The Queensland experience has pointed to another central aspect of the Rudd government’s NAPLAN regime: the victimisation of teachers who fail to deliver the required test score “outcomes”. Queensland Teachers’ Union president Steve Ryan told the press: “I hear that teachers are being threatened with action if they don’t make students sit formally the practice tests. Teachers are being told that if the results don’t improve, their own employment positions will be reviewed”.

 

In fact, the Australian Education Union and its state offshoots have laid the groundwork for the victimisation and sacking of teachers who resist Rudd’s new test regime. Last year the teacher unions recommended a series of statewide agreements that included streamlined dismissal procedures for “underperforming” teachers. The unions have embraced the central tenets of performance pay.

 

The pressures on schools to teach to the test will only intensify. A retired principal from Victoria recently wrote to the Age, explaining: “Emails have been sent to schools emphasising the importance of Victorian students performing well.

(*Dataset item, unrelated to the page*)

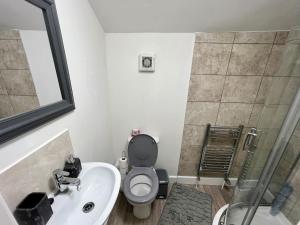 uma casa de banho com um WC, um lavatório e um chuveiro em 4 Bedroom Terrace house em Wellingborough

Regions are issuing schools with lesson plans and hints to make sure students are ‘test ready’. Clearly, schools are being asked to teach to the program, and therein lies a real danger for schools and, most importantly, our students”.

 

Federal education minister Gillard previously claimed Labor would not introduce a similar educational model to that in Britain where lowly ranked schools are “named and shamed”. She claimed that “there’s no point in reporting on raw scores, or having simplistic league tables” and that “governments will not themselves devise simplistic league tables or rankings”.

 

But this is precisely what is occurring. In March, 15 professional educational associations, including the Australian Secondary Principals Association, Australian Science Teachers Association, Australian Literacy Educators’ Association, and the Australian Council for Educational Leaders, wrote to federal Labor urging the government to prohibit the publication of league tables.

 

Their pleas were ignored, and after league tables were published in Tasmania on May 8 in Rupert Murdoch’s Mercury, Gillard’s response was to go on the offensive, praising the Tasmanian government as “brave”, and insisting that its measures should be “applauded”.

 

As expected, schools in wealthier areas outperformed those in less affluent neighbourhoods. For instance, the primary school servicing the poorer suburb Bridgewater had several areas of its report that were colour-coded red, meaning it was being labelled a “concern”. This included its ratings in literacy and numeracy, while its attendance rate was raised as an “issue”. South Hobart Primary School, located in a relatively well off region, gained high ratings in all categories with the exception of “parental satisfaction”.

 

Murdoch’s Courier Mail published a league table of Queensland’s schools on May 25.

 

A wealth of experience particularly in Britain and the US, demonstrates the detrimental impact of accountability based regimes on the poorest sections of society, and thus what can be expected to occur under the Rudd government.

 

A 2008 US report, Avoidable Losses: High-Stakes Accountability and the Dropout Crisis, analysed the impact of the No Child Left Behind educational policy on students in the state of Texas, where the standardised testing system became the national model. The report found that dropout rates were highest for African American and Latino youth, with more than 60 percent of surveyed students exiting the school system early. Each year 135,000 youth leave education early in Texas. The conclusion drawn by the authors is unambiguous: “High-stakes, test-based accountability leads not to equitable educational possibilities for youth, but to avoidable losses of these students from our schools”.